» **Exercise**
Only the lines below between the one holding "Photo of Others in Sveta Marina" and the one holding "ASICS Gel-Respector Concepts Coca", inclusive, are to be reproduced word for word; the pictures are to be left out.

» **Records for the task**
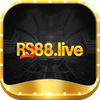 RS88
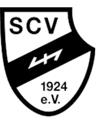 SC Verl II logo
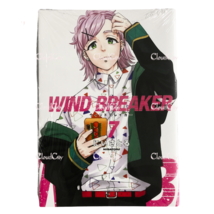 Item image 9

==

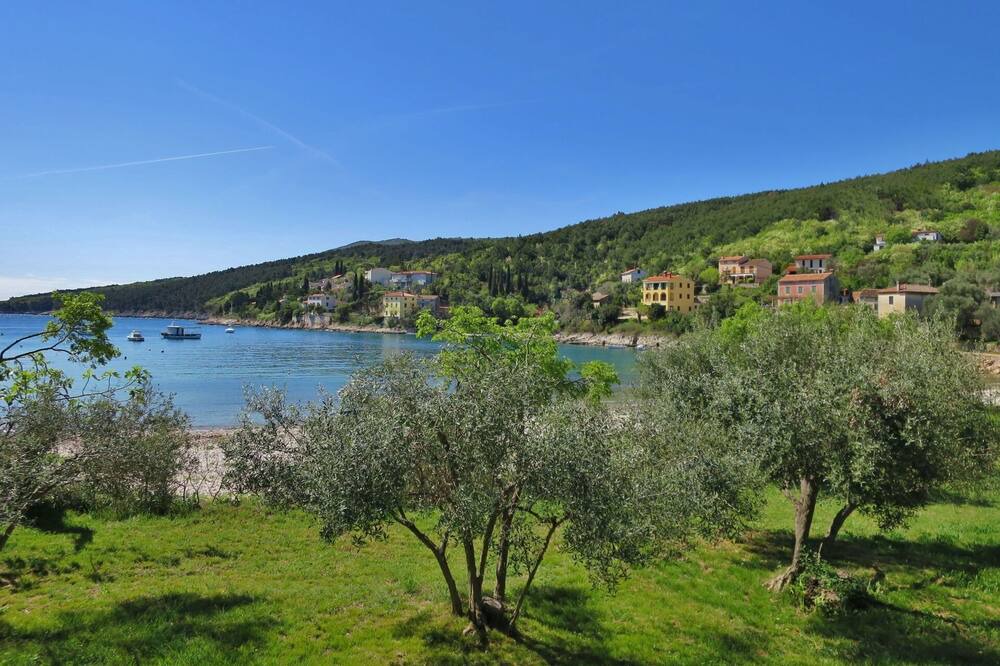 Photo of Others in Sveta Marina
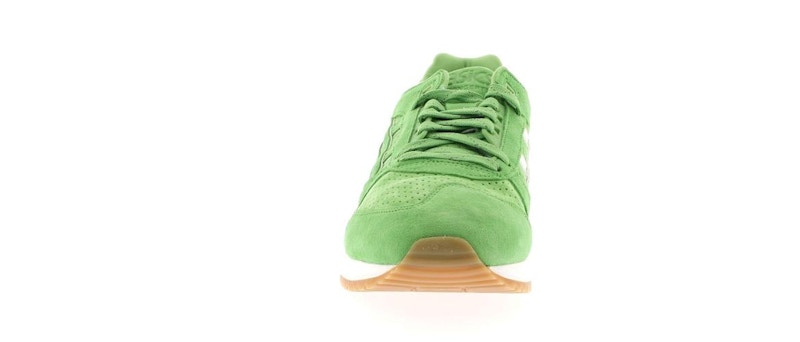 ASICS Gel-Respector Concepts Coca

» **Task answer**
 Photo of Others in Sveta Marina
 ASICS Gel-Respector Concepts Coca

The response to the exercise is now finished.